Durante um evento de despedida de Pelé da seleção brasileira, em 1971, ela brigou até conseguir entregar a carta em mãos para presidente da CBD. Quando conseguiu, Havelange anunciou, em coletiva de imprensa, a oficialização da primeira árbitra de futebol feminino do mundo, como fruto de sua gestão.

Era o reconhecimento da luta de Lea Campos. Mas só gerou irritação. "Ele me prejudicou por quatro anos e acabou me colocando de bandeja para o mundo esportivo. A partir daquele momento, eu passei a dividir as manchetes de jornais com o Pelé".

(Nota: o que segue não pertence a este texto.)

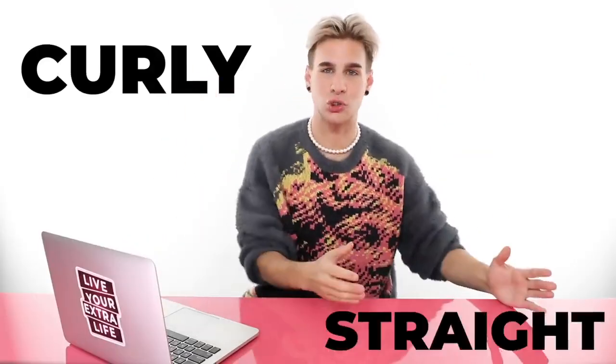Hi beautiful, I'm back to rate more hair routines. Today we're rating curly hair routines — people blow drying their hair from curly to straight, and or flat ironing their hair. We'll see what happens today. A lot's gonna happen. I am gonna be very, very critical on these routines. Why you ask? Because it's more fun that way.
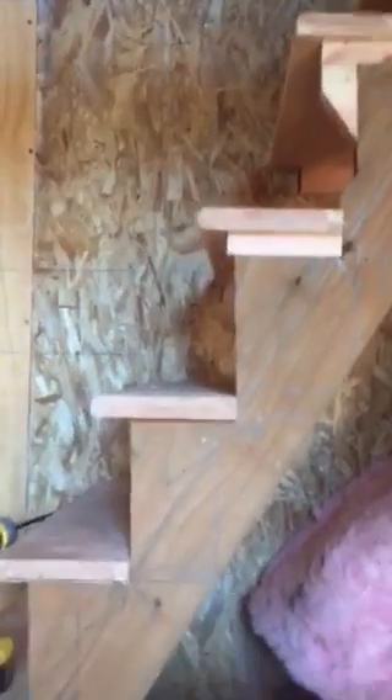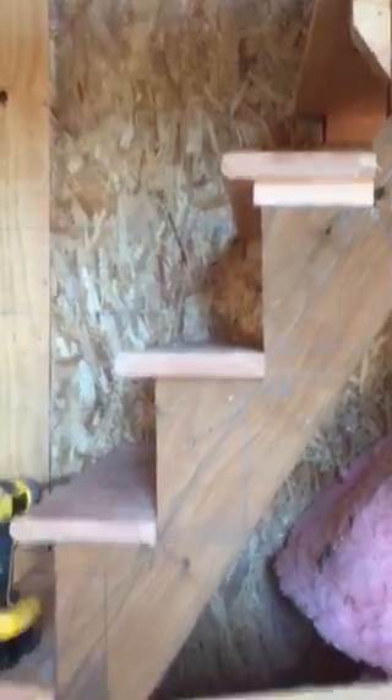I had to do these crazy steep steps but I did too many and they're too close together, so you can see they kind of bite into each other which makes it difficult. I'm going to spread them apart, pull that down and redo it. Anyway, we're going upstairs.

Hoje, Lea vê evolução no futebol feminino, mas destaca que ainda tem muito a melhorar. "Falta que os empresários e as pessoas que lidam com futebol entendam que a mulher também é capaz de dar espetáculo em campo. Desde que criaram a Lei que obriga os clubes profissionais a terem equipe feminina, melhorou um pouco, mas ainda falta muito chão para caminhar. Infelizmente, ainda perdemos nossas melhores jogadoras para o exterior".

Sua história só foi possível porque ela não desviou seu foco em momento algum. "Desistir? Nunca! Quando coloco algo na minha cabeça, enfrento trancos e barrancos, mas chego lá. Sempre fui teimosa, obstinada. Por isso, consegui chegar onde cheguei".

O Museu do Impedimento

A saga de Lea é uma das várias histórias que compõe o Museu do Impedimento (museudoimpedimento.com), um site colaborativo fruto da parceria entre Google Arts & Culture e Museu do Futebol para retratar os anos de proibição do esporte para as mulheres no país, que ocorreu entre 1941 a 1979. O lançamento ocorre a duas semanas da abertura da Copa do Mundo de futebol feminino, na França.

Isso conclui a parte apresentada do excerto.